In his marvelous novel The Stranger’s Child, Alan Hollinghurst spanned the 20th century to tell the story of an enigmatic poem and its relevance to generations of one family. He employs a similar structure in his new novel, The Sparsholt Affair, another multigenerational saga, this time focusing on the Sparsholts and the effect a highly public midcentury scandal has on their family and legacy.
The first of the novel’s five sections is set in 1940. Several Oxford classmates, many of them gay, belong to a literary society. The students become infatuated with David Sparsholt, an aspiring engineer whom they first encounter as he exercises in front of an open window, “a figure in a gleaming singlet, steadily lifting and lowering a pair of hand-weights.” David has a girlfriend, but the classmates wonder if that might be a smokescreen. One student convinces David to pose nude for a drawing. Another is determined to sleep with him.
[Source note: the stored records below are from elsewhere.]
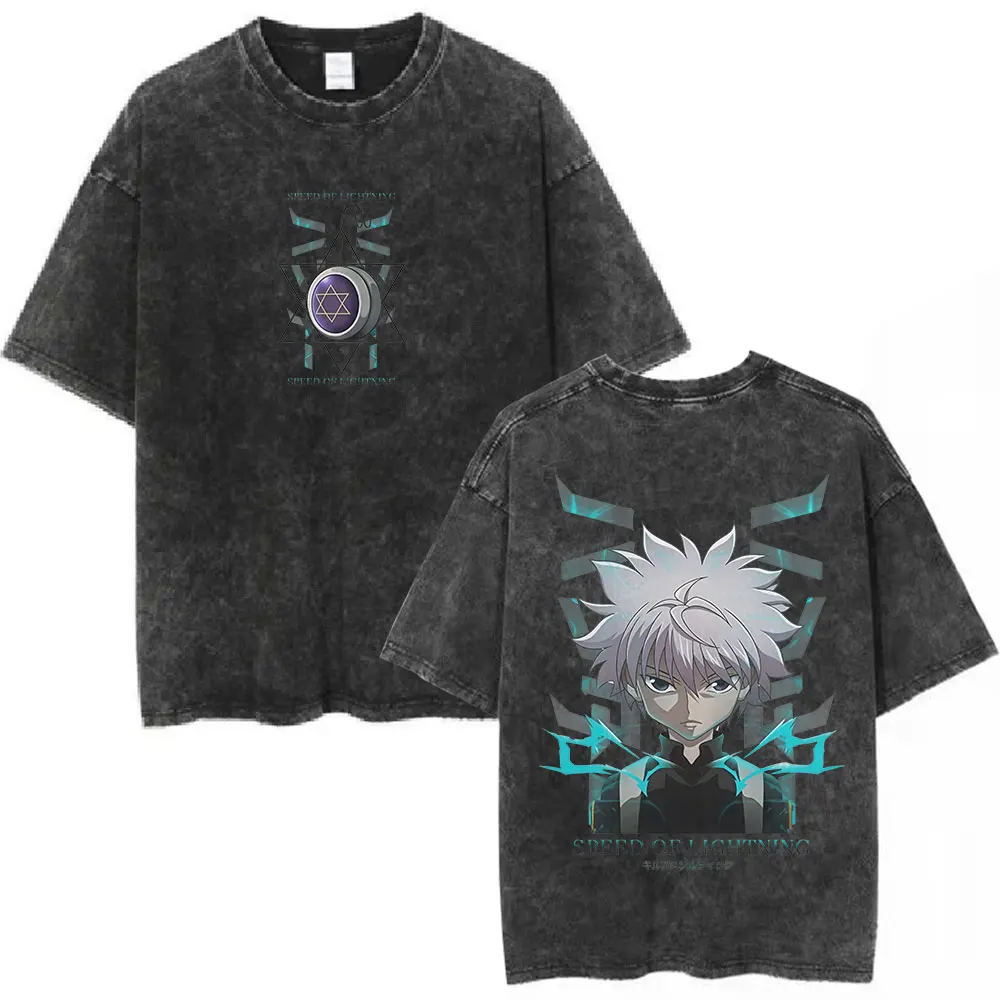 2026 summer Anime Hunter x Hunter Oversized T-shirt, Killua Zoldyck Dual-Sided Print with Nen Symbol Casual Washed Black Tee
2026 summer Anime Hunter x Hunter Oversized T-shirt, Killua Zoldyck Dual-Sided Print with Nen Symbol Casual Washed Black Tee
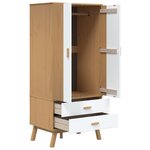 vidaXL Garde-robe OLDEN blanc et marron 76 5x53x172 cm bois massif pin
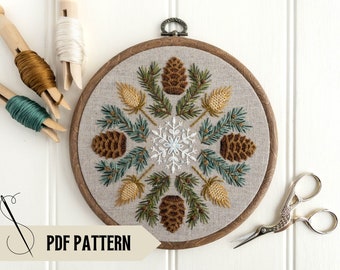 Winter hand embroidery pattern, Winter sampler PDF pattern, Winter wreath embroidery design, DIY Christmas décor, Step-by-step instructions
The novel’s main character, however, is Johnny Sparsholt, David’s son. Readers first meet Johnny in the mid-1960s when, at age 14, he’s vacationing with his parents and eager to pursue a romance with Bastien, an exchange student who’s staying with Johnny’s family. During this holiday, a scandal involving David’s secret affair brings ignominy to the family. The notoriety of the scandal weighs on openly gay Johnny for the next 50 years, as he becomes a celebrated painter and interacts with many of the people from his father’s past.
Hollinghurst has a tendency to use dialogue too obviously to convey background information, but the Jamesian elegance and psychological acuity of his previous novels grace The Sparsholt Affair as well. This is a moving work from one of modern literature’s finest authors.